Google, un ‘’défi à l'Europe’’ ?

Google, un ‘’défi à l'Europe’’ ?

Tribune libre

L'Express, 13 juin 2005


C'est accorder beaucoup de pouvoir à un moteur de recherche que d'en faire l'instrument de la domination américaine

En ralliant derrière son projet les plus hautes autorités de la France, de l'Union européenne et de cinq autres Etats membres, ainsi que 19 bibliothèques nationales d'Europe, Jean-Noël Jeanneney, président de la Bibliothèque nationale de France, a manifestement touché une corde sensible (voir le débat dans L'Express du 28 mars 2005). L'alternative européenne qu'il propose au «défi jeté à l'Europe» par le puissant moteur de recherche américain Google - numériser 15 millions d'ouvrages – repose sur un effort accru de numérisation d'une sélection des fonds des bibliothèques du Vieux Continent et sur un moteur de recherche européen.

L'idée paraît séduisante, le mobile est noble, le plaidoyer sincère, et la qualité des appuis recueillis donne du crédit à la démarche de Jean-Noël Jeanneney. Mais, s'agissant de bien public et de fonds publics, la discussion critique n'en est pas moins légitime, sur l'enjeu et sur les remèdes. L'enjeu, d'abord. Certes, ce ne sont pas des motifs philanthropiques qui ont poussé Google à enrichir ainsi la palette de ses services. On peine cependant à comprendre en quoi ce choix constitue un «défi à l'Europe».

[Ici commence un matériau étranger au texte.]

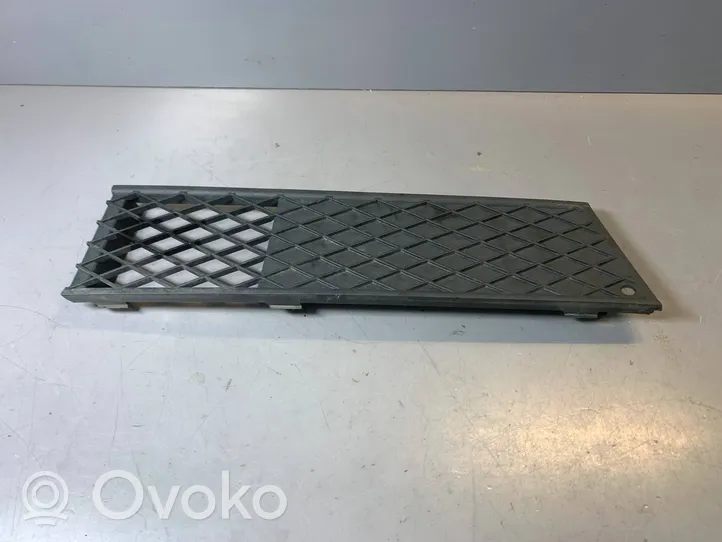 BMW 7 F01 F02 F03 F04 Grille inférieure de pare-chocs avant 7186506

Car c'est accorder beaucoup de pouvoir à un moteur de recherche sur Internet que d'en faire l'instrument d'une «domination écrasante de l'Amérique dans la définition de l'idée que les prochaines générations se feront du monde». Le milieu social, l'école, l'université, le cinéma, la télévision, la presse, le débat politique façonnent cette idée dans des proportions in comparablement supérieures à celles d'un algorithme de tri et de classement.

Quant aux remèdes proposés, on ne peut qu'applaudir à un effort visant à rendre plus largement accessibles, sur Internet, les fonds des grandes bibliothèques européennes. Mais un «moteur de recherche européen»? Ce qui fait la valeur ajoutée d'un moteur, c'est son universalité. Parce que, précisément, la Toile est mondiale.

Ce que propose Jean-Noël Jeanneney ressemble davantage à un «catalogue raisonné» du savoir et de la culture européens, accessibles par un «portail». N'offrant pas les mêmes services, il ne peut guère espérer rivaliser avec un moteur de recherche. On peut craindre que, lorsque commenceront les opérations de numérisation, au rythme de 10 000 ouvrages par semaine, l'efficacité de Google ne contraste fâcheusement avec les inévitables pesanteurs d'une entre prise collective européenne. En présentant la démarche comme un «défi», on prend le risque de le perdre.